■ **DATA EXCERPTS**
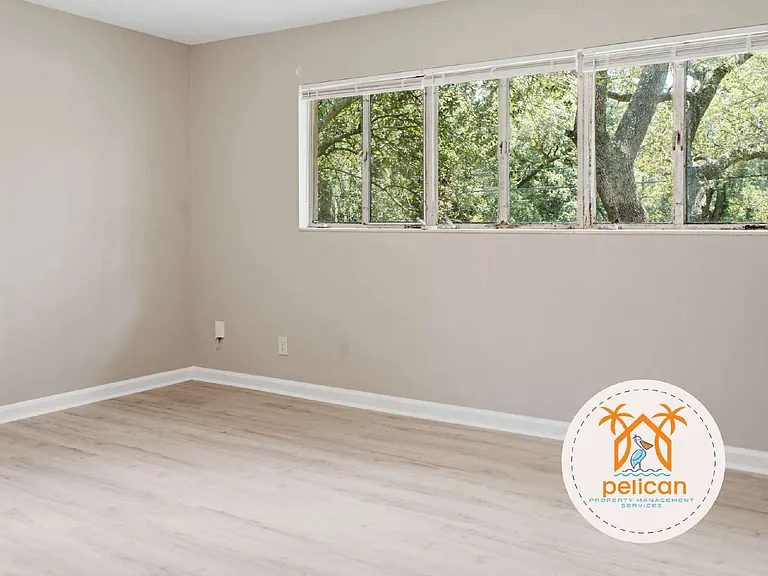 5085 Springhill Dr — Photo 13
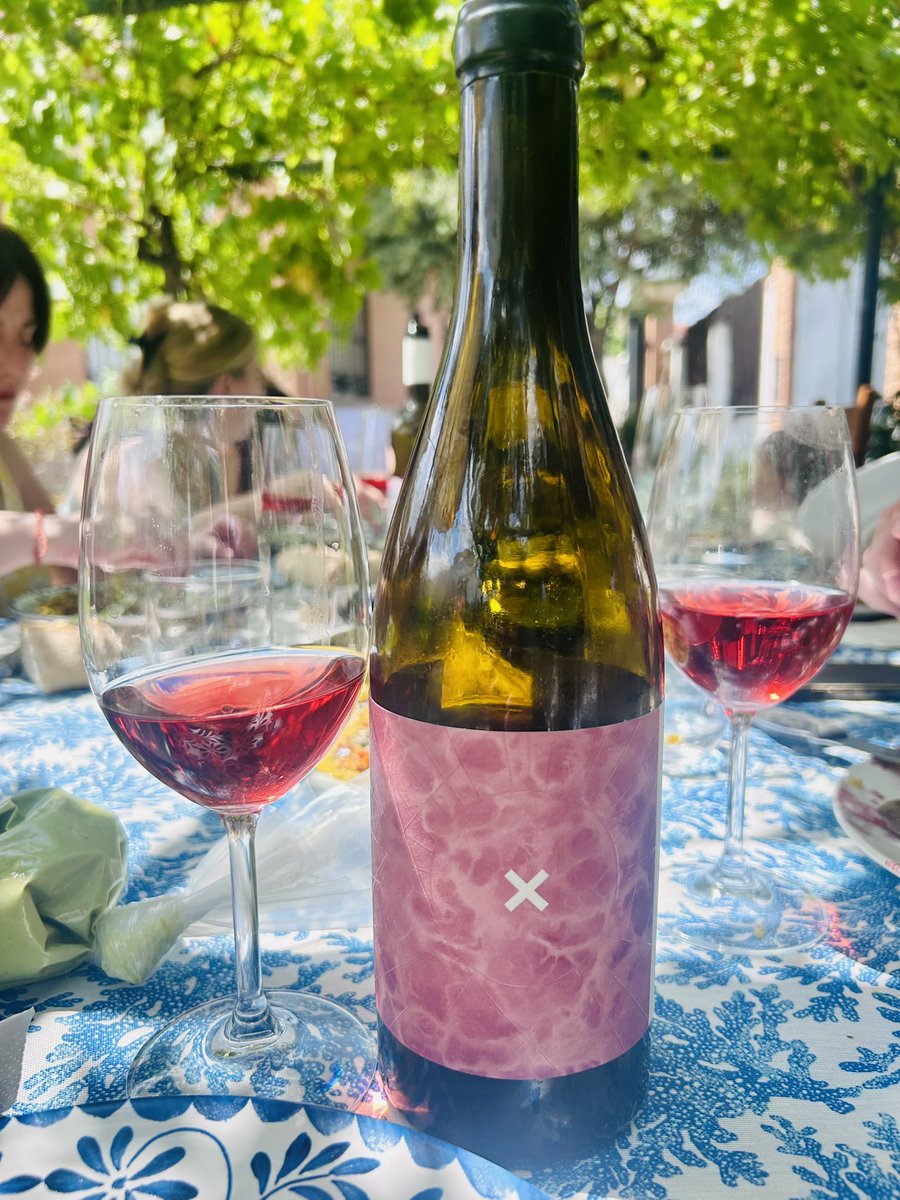 Angel valverde (@angelvalverdehu) on Twitter photo Arroz sin tetas y se acabó el rosado …. <a href="/UrkoBR/">Urko</a> <a href="/elretrogusto/">Ana - El retro 🍷🍺</a> <a href="/gmauleon/">Gorka Mauleon</a> que bueno está con el arroz el vino ❤️ Arroz sin tetas y se acabó el rosado …. <a href="/UrkoBR/">Urko</a> <a href="/elretrogusto/">Ana - El retro 🍷🍺</a> <a href="/gmauleon/">Gorka Mauleon</a> que bueno está con el arroz el vino ❤️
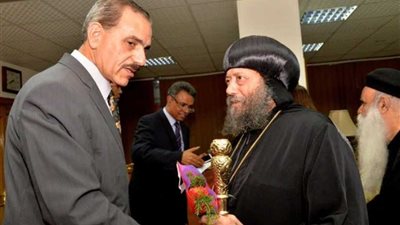 محافظ أسيوط يستقبل القيادات الدينية والشعبية للتهنئة بالعيد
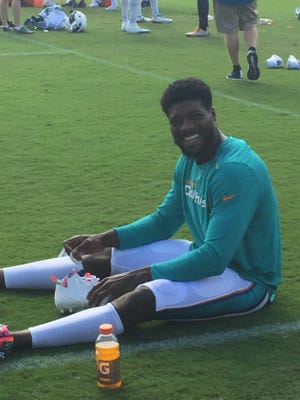 Former Eagles cornerback Byron Maxwell was back in Philadelphia on Monday as a member of the Miami Dolphins.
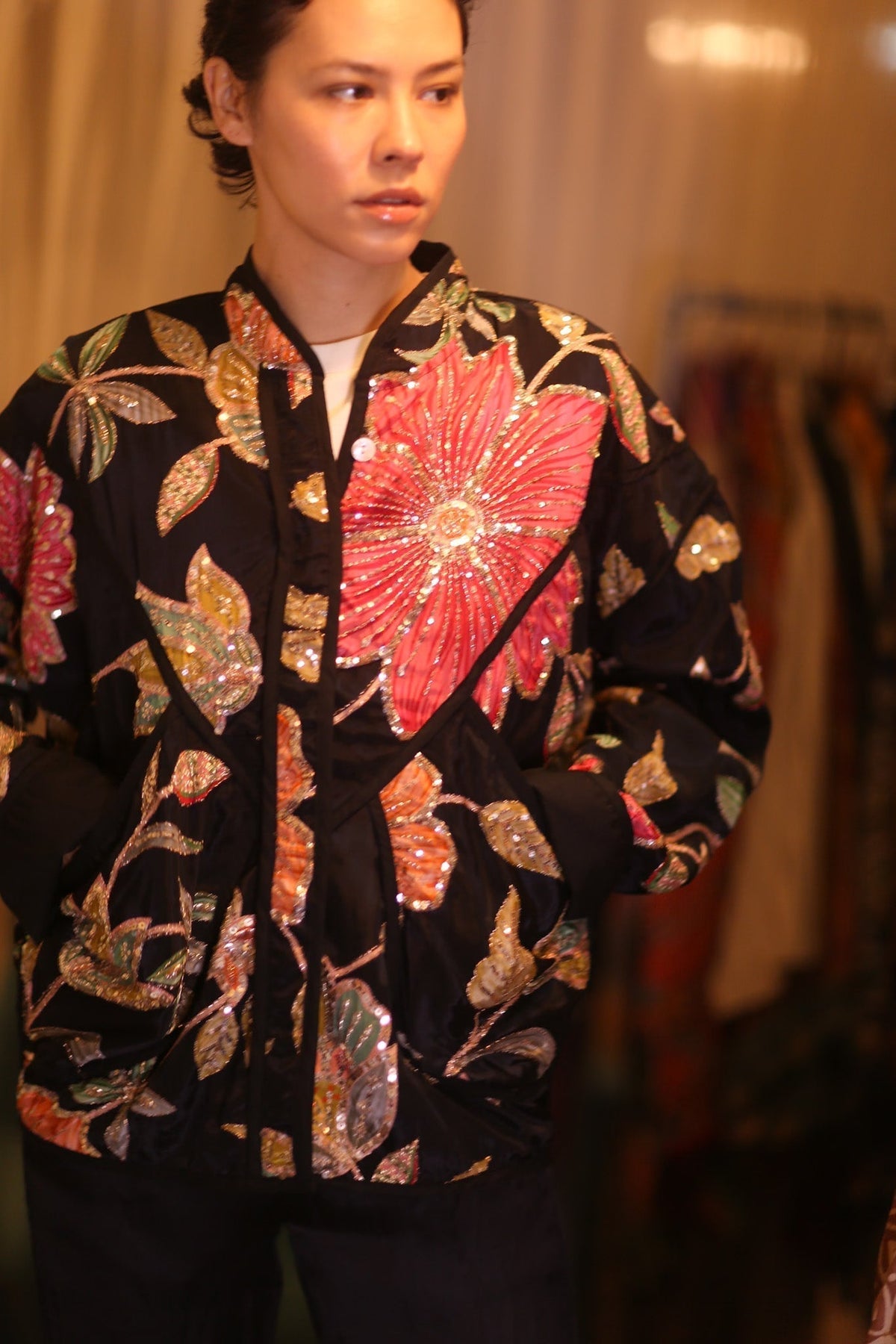 EMBROIDERED SILK JACKET MAYANI - MOMO STUDIO BERLIN - Berlin Concept Store - sustainable & ethical fashion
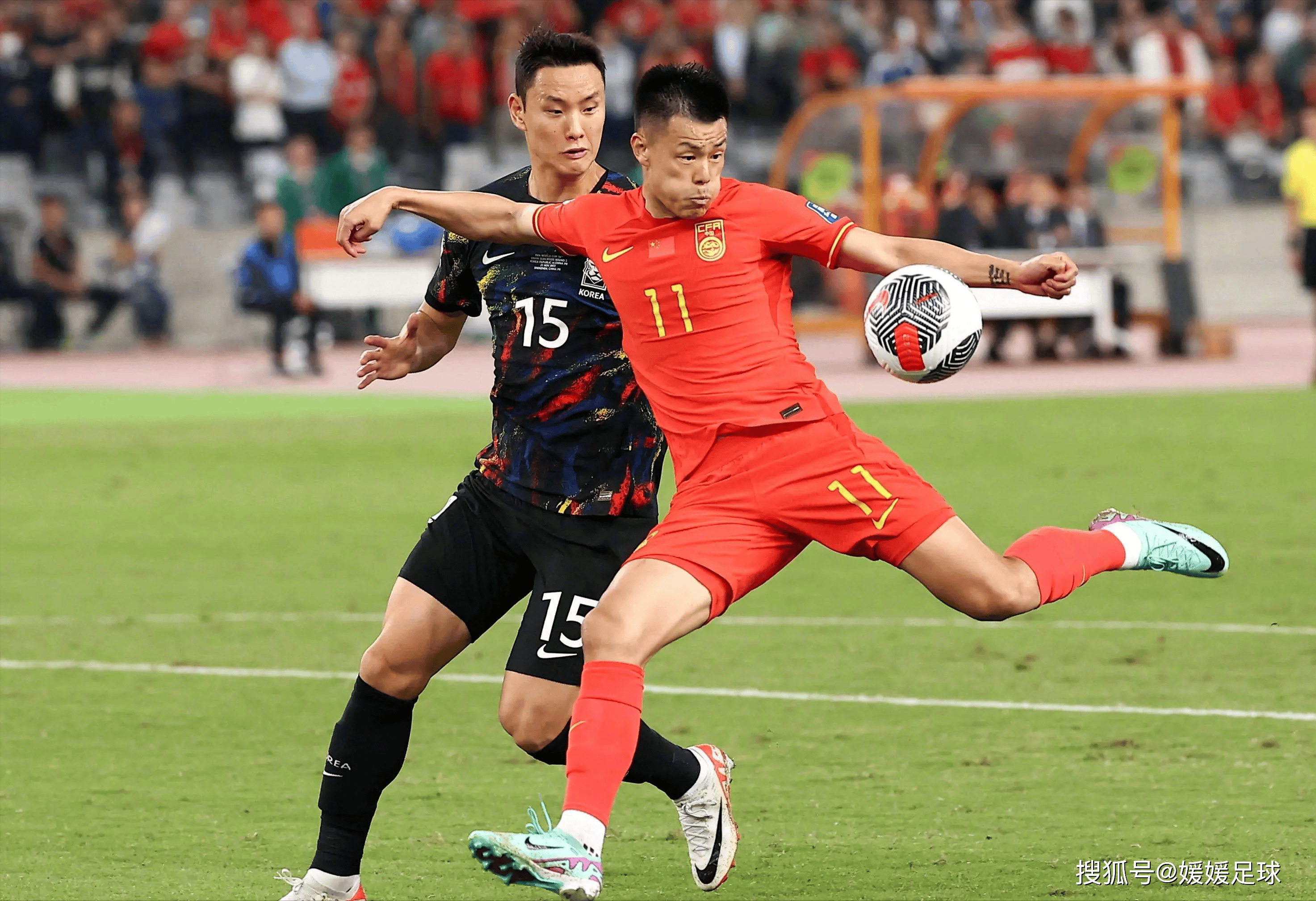 足球比赛临近，球队备战正酣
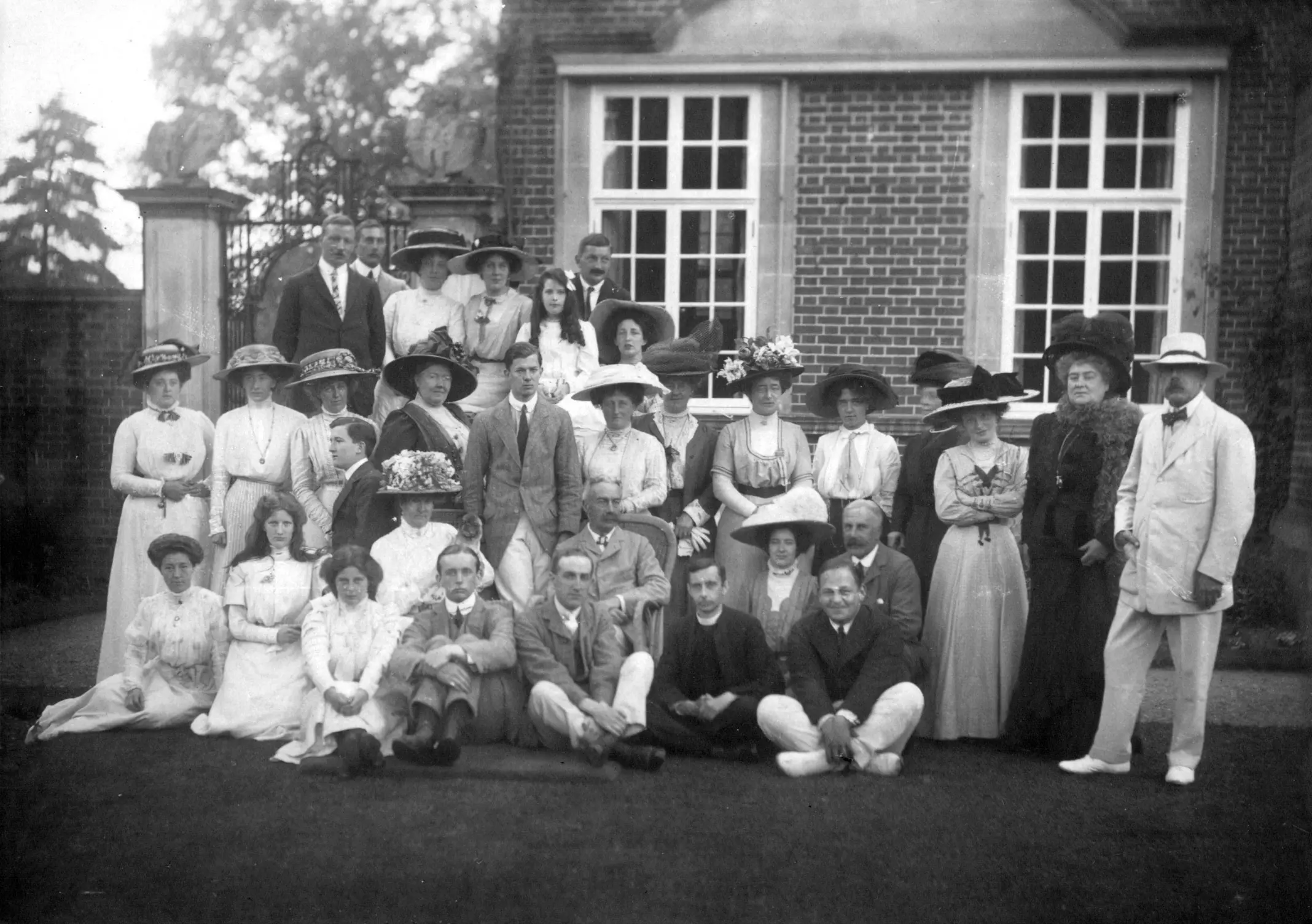 Black and white photo of group in Edwardian dress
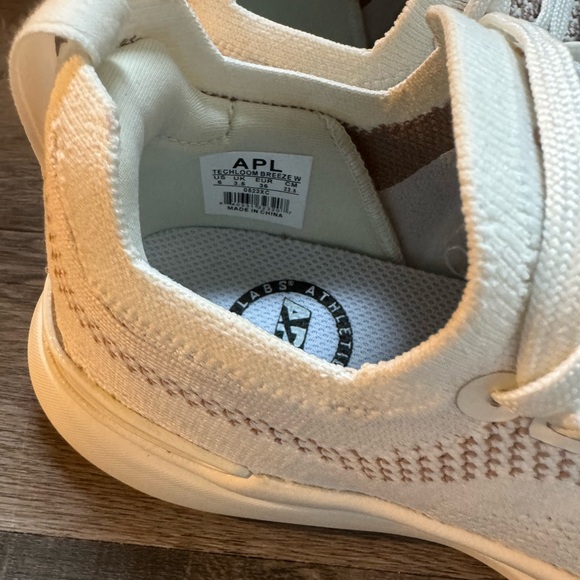 APL Techloom Breeze - Picture 2 of 5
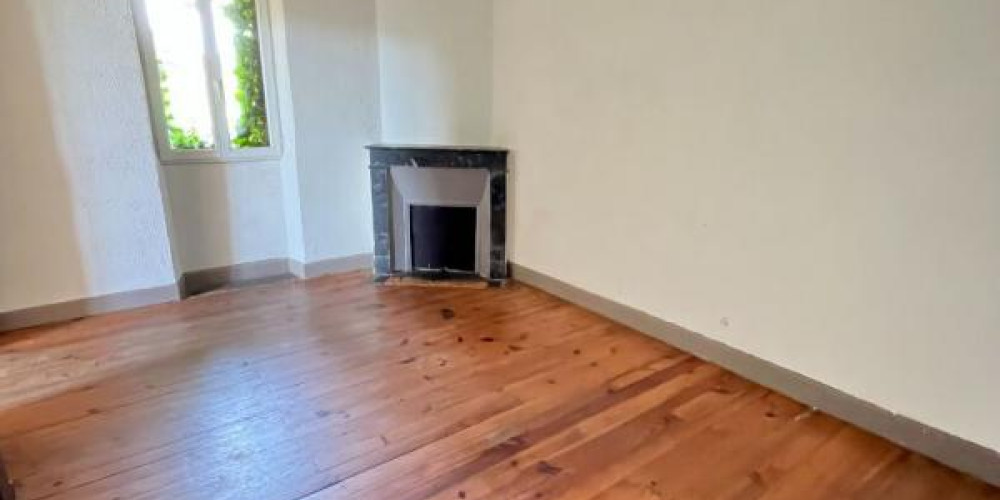 appartement à AIRE SUR L ADOUR (40800)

■ **PROBLEM REQUIREMENTS**
From the line containing "APL Techloom Breeze - Picture 2 of 5" to the last line of the listing above, transcribe each line exactly, skipping the pictures.

■ **ANSWER BELOW**
 APL Techloom Breeze - Picture 2 of 5
 appartement à AIRE SUR L ADOUR (40800)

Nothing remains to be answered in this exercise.